So long as fishes weren't being swept around the tank,I would perhaps leave things as they are.
Plant's moving about would to me,,,indicate good circulation.
You could try moving the Aquaclear closer to the middle of the tank as opposed to one side and see if this doesn't help.
When I first set up canister,I placed the return (spraybar) on one end of the tank and plant's all leaned in one direction. I then moved the spray bar to the middle of the tank, and plant's all stand straight but they all move slightly which in my mind, is a good thing. It ensures nutrient's are distributed through out the tank and fish waste, which also provides nutrient's for plant's, doesn't all gather in one area.Hope this helps.


----------



## Boredomb (Feb 21, 2011)

Okay thanks I will check into that may try moving the filter around for now and see if it makes a difference. I may still get one later down the road. There are a few things I need to get for that aquarium still and my other one as well. Thanks for the suggestions!


----------



## Boredomb (Feb 21, 2011)

One question in a 29gallon tank. What size powerhead do I need? How much gph?


----------



## 1077 (Apr 16, 2008)

Boredomb said:


> One question in a 29gallon tank. What size powerhead do I need? How much gph?


Aquaclear model 20 or Penguin 550 should be plenty. 
You might also check out Hydro sponge filters.


----------



## Boredomb (Feb 21, 2011)

1077 said:


> Aquaclear model 20 or Penguin 550 should be plenty.
> You might also check out Hydro sponge filters.


Okay thanks have been looking at the hydro sponge filters will probably get one of those


----------



## Byron (Mar 7, 2009)

Boredomb said:


> Okay thanks have been looking at the hydro sponge filters will probably get one of those


I prefer the sponge filter in the attached photo to Hydro. I have a Hydro in my 10g, and I have the attached in my 20g and 29g (your tank size). I have the clearest water in these tanks. And the plants grow well.

Byron.


----------



## Boredomb (Feb 21, 2011)

Byron can you please give a website or a name of that sponge filter? I have not seen one like that before. I like the look of that setup better then hydro and it looks like it would do a better job. Also do you run it off a powerhead?


----------



## Byron (Mar 7, 2009)

Boredomb said:


> Byron can you please give a website or a name of that sponge filter? I have not seen one like that before. I like the look of that setup better then hydro and it looks like it would do a better job. Also do you run it off a powerhead?


Mine is an Elite made by Hagen, there are several manufacturers I think, I have seen others online. Here is the Elite package in the photo attached. There are single sponge and dual-sponge units, in different sizes too for small to large tanks, this one is rated for 30g, mine is on my 29g, and the smaller on the 20g.

I use an air pump.
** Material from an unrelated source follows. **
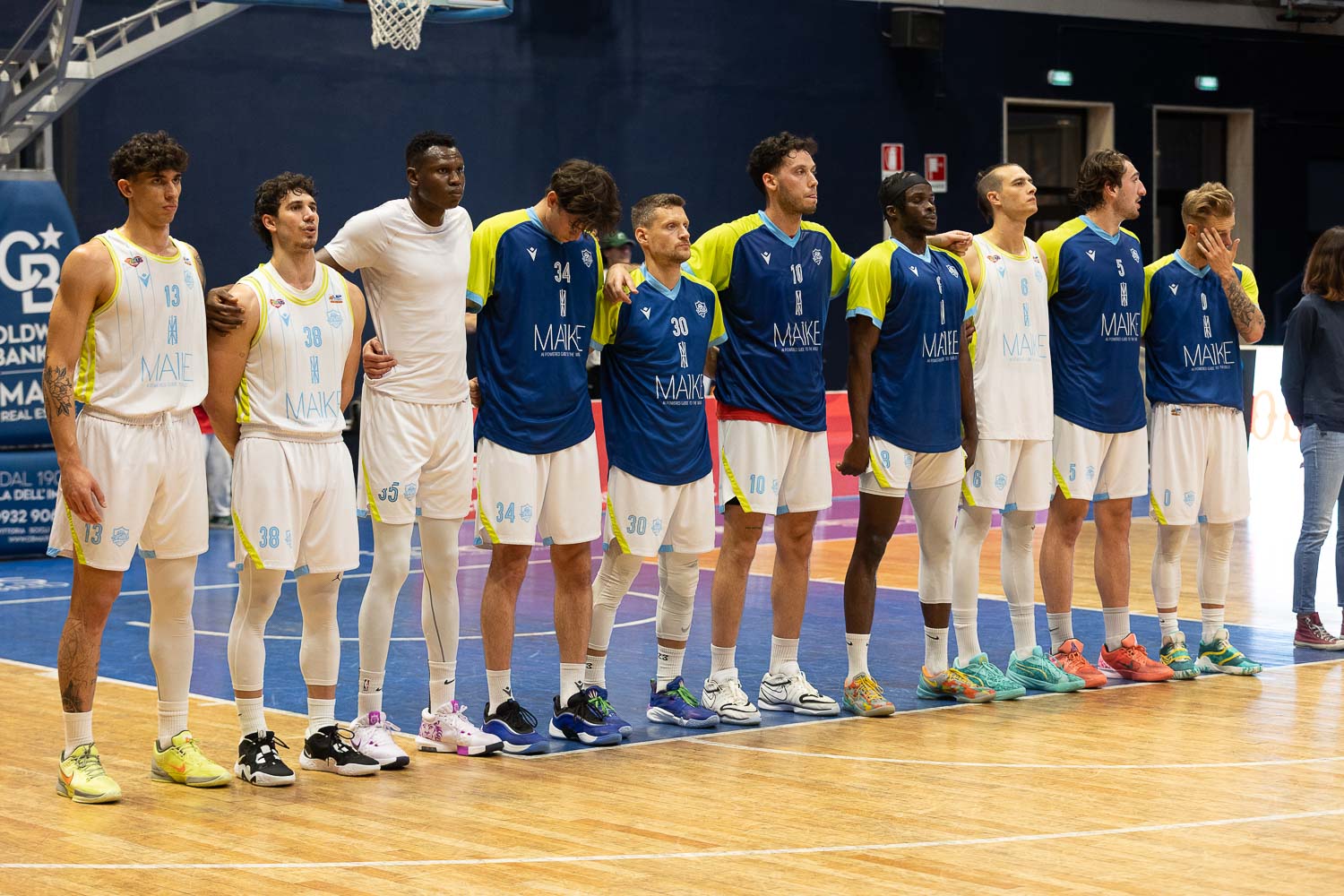 Virtus Ragusa, ultima spiaggia: contro Cassino la salvezza passa da una serie senza appello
Also an Elite as it happens, I've had a 801 I think it is for almost 15 years, never a problem. So when I hooked up 3 tanks with sponge filters last month, I bought a larger Elite. They are not expensive, I'm in Canada and I got the new one at Petsmart for $19 (will be cheaper in USA).

I can't have powerheads in these tanks, the poor fish would be buffeted all over the place, and these tanks have very small fish that are wild caught in standing water mainly.

Byron.


----------



## Boredomb (Feb 21, 2011)

Byron said:


> Mine is an Elite made by Hagen, there are several manufacturers I think, I have seen others online. Here is the Elite package in the photo attached. There are single sponge and dual-sponge units, in different sizes too for small to large tanks, this one is rated for 30g, mine is on my 29g, and the smaller on the 20g.
> 
> I use an air pump. Also an Elite as it happens, I've had a 801 I think it is for almost 15 years, never a problem. So when I hooked up 3 tanks with sponge filters last month, I bought a larger Elite. They are not expensive, I'm in Canada and I got the new one at Petsmart for $19 (will be cheaper in USA).
> 
> ...


Thanks Byron, The tank will be housing Dwarf puffers. So with that said maybe it would be better to run it off a air pump. Less current that way. Will that be okay will the plants in the tank?Will running that filter off of an air pump cause to much water disturbance?


----------



## Byron (Mar 7, 2009)

Boredomb said:


> Thanks Byron, The tank will be housing Dwarf puffers. So with that said maybe it would be better to run it off a air pump. Less current that way. Will that be okay will the plants in the tank?Will running that filter off of an air pump cause to much water disturbance?


No (on the water disturbance). I position the top of the stem just at or below the water surface so I get a gentle "push" of water away from the stem, but the water does not ripple. Even if it did, this is minimal.

Dwarf puffers will be ecstatic in such a setup. Mine was.


----------



## AbbeysDad (Mar 28, 2011)

Did you think about a baffle for your AC50 ? Sponge filters are fine but a baffle made from a water bottle just might solve yer problem ?


----------



## Boredomb (Feb 21, 2011)

AbbeysDad said:


> Did you think about a baffle for your AC50 ? Sponge filters are fine but a baffle made from a water bottle just might solve yer problem ?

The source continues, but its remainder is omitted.